_Collected data_:
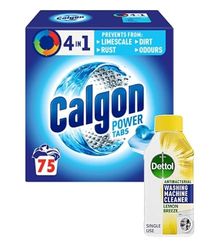 Calgon 4-in-1 Washing Machine Cleaner and Water Softener Tablets, 75 Count + Dettol Washing Machine Cleaner Lemon Breeze, 250ml, Removes Limescale, Residue, Dirt, Odours & Rust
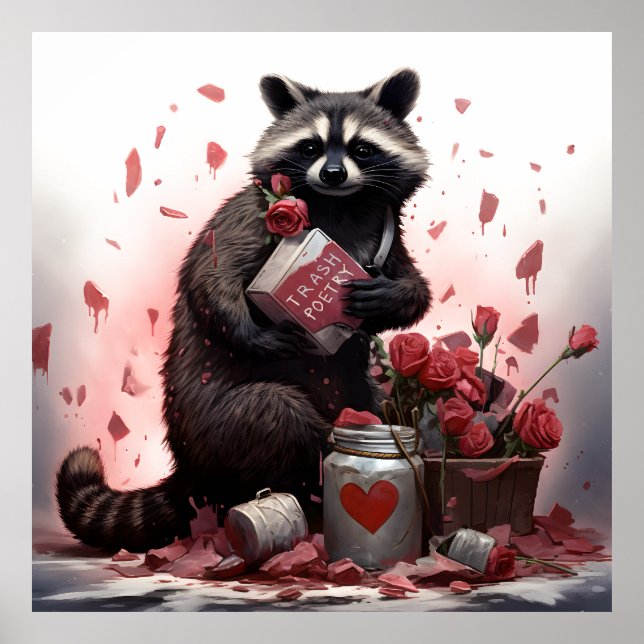 Poster Dia de os namorados de poesia de lixo Raccoon (Frente)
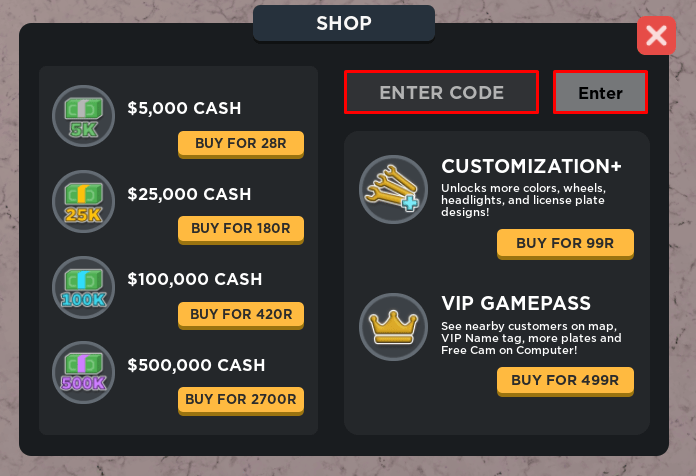 Taxi Boss enter codes box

_Exercise_: Your task is to retype the listing exactly, without its pictures.

_Reply to the task_:
 Calgon 4-in-1 Washing Machine Cleaner and Water Softener Tablets, 75 Count + Dettol Washing Machine Cleaner Lemon Breeze, 250ml, Removes Limescale, Residue, Dirt, Odours & Rust
 Poster Dia de os namorados de poesia de lixo Raccoon (Frente)
 Taxi Boss enter codes box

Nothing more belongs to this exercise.